Before I answer the question: “How is nature critical to a twenty-first century urban ethic?” I first need to ask the more fundamental question: “What is nature and how is it constructed by people in our increasingly different and diverse urban communities?” Cities of difference are places where we are “in the presence of otherness,” as Sennett puts it—namely, our increasingly different, diverse, and culturally heterogeneous urban areas
In my blog Cities of (in)Difference I discussed Bloomfield and Bianchini’s (2002, p. 6) intercultural dream where “different cultures intersect, ‘contaminate’ each other and hybridise.” Clearly parks, public spaces and streets have a role to play in this.

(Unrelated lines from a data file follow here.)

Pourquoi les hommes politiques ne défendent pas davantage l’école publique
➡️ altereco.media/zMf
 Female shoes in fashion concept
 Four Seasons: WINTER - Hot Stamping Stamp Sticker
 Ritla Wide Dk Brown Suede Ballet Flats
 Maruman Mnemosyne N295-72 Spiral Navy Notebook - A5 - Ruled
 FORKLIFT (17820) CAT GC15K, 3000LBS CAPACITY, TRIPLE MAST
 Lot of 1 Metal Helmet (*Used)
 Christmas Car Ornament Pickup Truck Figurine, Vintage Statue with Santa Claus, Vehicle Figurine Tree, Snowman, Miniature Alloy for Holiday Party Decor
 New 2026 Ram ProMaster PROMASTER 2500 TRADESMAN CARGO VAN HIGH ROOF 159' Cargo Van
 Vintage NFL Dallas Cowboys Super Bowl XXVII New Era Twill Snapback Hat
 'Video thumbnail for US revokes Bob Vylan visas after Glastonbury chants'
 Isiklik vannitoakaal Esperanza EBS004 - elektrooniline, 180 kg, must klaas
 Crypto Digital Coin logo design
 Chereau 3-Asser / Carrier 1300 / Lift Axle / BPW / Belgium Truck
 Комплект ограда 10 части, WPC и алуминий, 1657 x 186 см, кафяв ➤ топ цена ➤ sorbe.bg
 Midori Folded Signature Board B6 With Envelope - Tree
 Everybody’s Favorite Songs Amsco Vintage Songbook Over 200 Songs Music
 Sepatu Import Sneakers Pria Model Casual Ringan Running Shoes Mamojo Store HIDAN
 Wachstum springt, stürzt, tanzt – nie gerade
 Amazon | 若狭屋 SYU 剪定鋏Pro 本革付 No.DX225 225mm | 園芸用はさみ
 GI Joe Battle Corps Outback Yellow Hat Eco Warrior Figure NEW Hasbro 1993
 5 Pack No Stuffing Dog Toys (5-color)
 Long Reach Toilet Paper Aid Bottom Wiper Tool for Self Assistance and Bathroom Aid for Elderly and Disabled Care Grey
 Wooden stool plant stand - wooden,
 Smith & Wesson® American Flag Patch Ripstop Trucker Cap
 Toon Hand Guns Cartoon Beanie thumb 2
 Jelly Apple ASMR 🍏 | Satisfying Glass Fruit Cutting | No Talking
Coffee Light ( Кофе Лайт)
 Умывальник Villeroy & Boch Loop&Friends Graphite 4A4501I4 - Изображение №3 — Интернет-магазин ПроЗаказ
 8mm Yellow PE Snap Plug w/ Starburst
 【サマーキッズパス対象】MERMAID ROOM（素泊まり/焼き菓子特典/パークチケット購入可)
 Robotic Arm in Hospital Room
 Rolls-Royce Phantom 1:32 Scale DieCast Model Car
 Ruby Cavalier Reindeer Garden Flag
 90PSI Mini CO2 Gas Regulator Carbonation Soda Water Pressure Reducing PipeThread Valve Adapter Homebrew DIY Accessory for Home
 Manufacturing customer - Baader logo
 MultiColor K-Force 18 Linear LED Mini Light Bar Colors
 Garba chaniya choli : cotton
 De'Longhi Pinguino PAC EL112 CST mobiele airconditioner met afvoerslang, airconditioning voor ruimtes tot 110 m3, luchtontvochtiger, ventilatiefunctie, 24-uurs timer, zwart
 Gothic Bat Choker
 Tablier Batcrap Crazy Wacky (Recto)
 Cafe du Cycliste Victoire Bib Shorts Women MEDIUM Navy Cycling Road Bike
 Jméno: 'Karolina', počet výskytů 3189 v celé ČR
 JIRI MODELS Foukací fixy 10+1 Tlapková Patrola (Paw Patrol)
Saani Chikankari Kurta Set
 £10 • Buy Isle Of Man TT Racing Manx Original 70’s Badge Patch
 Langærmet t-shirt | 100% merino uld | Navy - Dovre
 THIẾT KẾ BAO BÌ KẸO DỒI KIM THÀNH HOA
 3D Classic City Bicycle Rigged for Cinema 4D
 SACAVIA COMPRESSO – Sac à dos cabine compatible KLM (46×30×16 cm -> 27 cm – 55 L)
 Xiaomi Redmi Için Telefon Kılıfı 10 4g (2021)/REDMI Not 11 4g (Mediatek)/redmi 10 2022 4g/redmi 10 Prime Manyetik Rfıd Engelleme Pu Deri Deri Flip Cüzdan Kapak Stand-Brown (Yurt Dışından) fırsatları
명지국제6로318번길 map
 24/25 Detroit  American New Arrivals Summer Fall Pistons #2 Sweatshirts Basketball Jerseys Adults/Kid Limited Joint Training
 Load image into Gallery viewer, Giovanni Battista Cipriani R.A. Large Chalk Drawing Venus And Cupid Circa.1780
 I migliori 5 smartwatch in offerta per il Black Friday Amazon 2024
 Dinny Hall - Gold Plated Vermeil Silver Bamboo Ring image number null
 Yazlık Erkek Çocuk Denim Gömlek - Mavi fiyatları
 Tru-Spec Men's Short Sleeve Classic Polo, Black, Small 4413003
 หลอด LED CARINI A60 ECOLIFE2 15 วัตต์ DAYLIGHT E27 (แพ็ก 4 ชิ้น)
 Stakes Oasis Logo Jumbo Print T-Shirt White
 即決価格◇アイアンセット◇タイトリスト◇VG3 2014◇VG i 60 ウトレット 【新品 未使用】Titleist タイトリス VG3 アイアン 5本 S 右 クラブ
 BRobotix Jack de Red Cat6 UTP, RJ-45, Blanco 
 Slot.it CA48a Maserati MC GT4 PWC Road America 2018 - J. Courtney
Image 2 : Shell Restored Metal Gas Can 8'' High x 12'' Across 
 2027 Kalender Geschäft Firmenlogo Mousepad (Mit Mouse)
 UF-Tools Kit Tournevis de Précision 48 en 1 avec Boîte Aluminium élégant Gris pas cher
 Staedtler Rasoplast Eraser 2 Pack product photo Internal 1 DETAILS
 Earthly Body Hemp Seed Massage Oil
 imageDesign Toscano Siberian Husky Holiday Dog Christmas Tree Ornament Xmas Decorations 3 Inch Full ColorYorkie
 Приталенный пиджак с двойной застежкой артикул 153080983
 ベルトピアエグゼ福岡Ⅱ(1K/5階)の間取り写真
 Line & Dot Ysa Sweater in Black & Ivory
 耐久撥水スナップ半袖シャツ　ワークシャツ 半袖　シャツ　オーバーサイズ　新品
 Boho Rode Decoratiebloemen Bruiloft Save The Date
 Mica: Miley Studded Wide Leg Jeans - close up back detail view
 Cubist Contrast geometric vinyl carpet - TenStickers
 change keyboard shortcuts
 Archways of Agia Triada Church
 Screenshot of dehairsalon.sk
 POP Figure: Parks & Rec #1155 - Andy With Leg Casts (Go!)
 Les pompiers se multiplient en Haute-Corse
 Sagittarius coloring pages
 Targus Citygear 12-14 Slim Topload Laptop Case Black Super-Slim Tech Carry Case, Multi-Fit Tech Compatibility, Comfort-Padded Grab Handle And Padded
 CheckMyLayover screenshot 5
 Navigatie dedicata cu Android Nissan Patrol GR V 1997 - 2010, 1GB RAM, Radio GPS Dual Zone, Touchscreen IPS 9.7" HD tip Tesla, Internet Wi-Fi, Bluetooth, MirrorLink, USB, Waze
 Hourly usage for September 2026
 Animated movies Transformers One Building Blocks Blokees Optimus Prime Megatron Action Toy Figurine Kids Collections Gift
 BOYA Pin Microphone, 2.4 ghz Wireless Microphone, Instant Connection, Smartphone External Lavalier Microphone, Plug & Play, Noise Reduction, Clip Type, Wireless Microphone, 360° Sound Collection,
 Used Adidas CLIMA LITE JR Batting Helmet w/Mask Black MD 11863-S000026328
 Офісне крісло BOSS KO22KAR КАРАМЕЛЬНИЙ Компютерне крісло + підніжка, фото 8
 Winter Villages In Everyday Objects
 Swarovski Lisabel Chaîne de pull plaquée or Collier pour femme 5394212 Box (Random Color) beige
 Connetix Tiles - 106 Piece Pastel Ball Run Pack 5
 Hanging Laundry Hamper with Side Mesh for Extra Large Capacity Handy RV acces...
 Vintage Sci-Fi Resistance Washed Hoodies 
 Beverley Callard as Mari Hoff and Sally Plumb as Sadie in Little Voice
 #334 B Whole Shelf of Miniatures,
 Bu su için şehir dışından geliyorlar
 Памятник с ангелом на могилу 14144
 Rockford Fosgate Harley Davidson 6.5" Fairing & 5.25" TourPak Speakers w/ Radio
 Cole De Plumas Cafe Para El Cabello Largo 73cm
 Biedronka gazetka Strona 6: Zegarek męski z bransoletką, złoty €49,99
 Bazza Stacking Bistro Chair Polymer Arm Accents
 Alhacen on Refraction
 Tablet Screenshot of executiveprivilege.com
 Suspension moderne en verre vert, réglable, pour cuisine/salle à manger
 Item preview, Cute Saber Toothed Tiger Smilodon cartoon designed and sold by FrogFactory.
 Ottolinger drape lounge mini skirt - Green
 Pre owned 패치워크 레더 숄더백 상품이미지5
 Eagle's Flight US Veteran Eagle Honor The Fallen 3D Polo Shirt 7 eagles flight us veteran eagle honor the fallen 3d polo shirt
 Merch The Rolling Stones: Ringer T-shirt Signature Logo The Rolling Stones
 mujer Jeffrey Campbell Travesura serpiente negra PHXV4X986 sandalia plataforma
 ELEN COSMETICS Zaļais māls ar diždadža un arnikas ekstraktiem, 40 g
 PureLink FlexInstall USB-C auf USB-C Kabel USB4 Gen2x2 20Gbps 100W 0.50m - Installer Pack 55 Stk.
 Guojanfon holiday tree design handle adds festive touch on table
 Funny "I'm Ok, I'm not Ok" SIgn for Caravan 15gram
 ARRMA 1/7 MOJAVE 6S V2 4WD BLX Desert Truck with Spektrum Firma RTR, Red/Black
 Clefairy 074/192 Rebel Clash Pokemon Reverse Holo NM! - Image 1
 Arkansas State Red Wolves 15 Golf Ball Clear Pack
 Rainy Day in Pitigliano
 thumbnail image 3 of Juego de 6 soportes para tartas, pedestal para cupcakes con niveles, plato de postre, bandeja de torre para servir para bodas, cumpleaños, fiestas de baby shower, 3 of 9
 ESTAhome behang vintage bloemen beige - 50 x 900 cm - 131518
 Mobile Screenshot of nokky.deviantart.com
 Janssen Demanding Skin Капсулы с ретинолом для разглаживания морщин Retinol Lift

Unfortunately however, culturally inclusive spaces, those designed intentionally around the recognition of difference, diversity, and cultural heterogeneity have neither been a major focus of study in the planning literature nor are they well understood by practicing urban designers, planners and policy makers (Kumar and Martin 2004).
Cities of difference (Fincher and Jacobs 1998) are places where we are “in the presence of otherness” (Sennett 1990 p123) — namely, our increasingly different, diverse, and culturally heterogeneous urban areas. Yet as I travel around the world I see token, or very little recognition, understanding of, and engagement with this difference, diversity, and cultural heterogeneity in creative and productive ways. Moreover, I’ve seen no examples which could be said to be capable of fundamentally transforming civic institutions, the public realm, its discourses and city management practices.